Air-Fluidized Beds Used for Treatment of Pressure Ulcers in the Home Environment [Internet]
- PMID: 25905145
- Bookshelf ID: NBK285385
Air-Fluidized Beds Used for Treatment of Pressure Ulcers in the Home Environment [Internet]
Excerpt
The purpose of this technology assessment is to determine the effectiveness of air-fluidized beds (a Group 3 support surface) and Group 2 support surfaces for the treatment of Stage III and IV pressure ulcers in the home and other settings, and to compare the effectiveness of air-fluidized beds to Group 2 support surfaces. The Centers for Medicare and Medicaid Services (CMS) have divided support surfaces into three groups. Air-fluidized beds are the only devices included in Group 3. Group 2 support surfaces include powered air flotation beds (low-air-loss therapy), powered pressure-reducing air mattresses (alternating air mattresses), and non-powered advanced pressure reducing mattresses, which can be placed directly over a hospital bed frame. Group 1 support surfaces are pressure pads, certain mattresses, and overlays for mattresses (foam, water, and gel mattresses).
Current Medicare policy reimburses for home use of air-fluidized beds only when the patient has Stage III or IV pressure ulcers and only after the patient has completed at least a 30 day course of conservative treatment "without progression toward wound healing." Medicare policy states that conservative treatment must include "use of a specialized support surface (Group 2) designed to reduce pressure and shear forces on healing ulcers."
This technology assessment was prepared in consideration of the interests of CMS. Hence, we consider the efficacy of support surfaces in the treatment of patients with pressure ulcers, but the role of specific support surfaces in preventing pressure ulcers is beyond the scope of this assessment. This assessment also emphasizes the use of air-fluidized beds in the home setting.

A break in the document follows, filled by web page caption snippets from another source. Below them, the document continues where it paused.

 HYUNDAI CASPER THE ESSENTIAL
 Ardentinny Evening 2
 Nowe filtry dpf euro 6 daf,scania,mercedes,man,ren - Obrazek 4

In regards to this latter emphasis, we also examined use of Group 2 and 3 support surfaces in hospitals and nursing facilities for evidence of efficacy that might be transferable to the home setting. However, generalization of these data to the home setting is not straightforward because treatment of pressure ulcers typically involves a variety of procedures that are essential to proper healing, but are seldom completely reported in clinical studies of wound healing. Standard care for pressure ulcers usually includes pressure relief and skin protection to prevent progression of the ulcer to advanced stages, debridement of necrotic tissue in Stage III and IV ulcers, wound cleansing, and dressings that promote a moist wound environment. The similarities in the way these therapies are provided in the hospital or nursing facility to the way they are provided in the home is uncertain.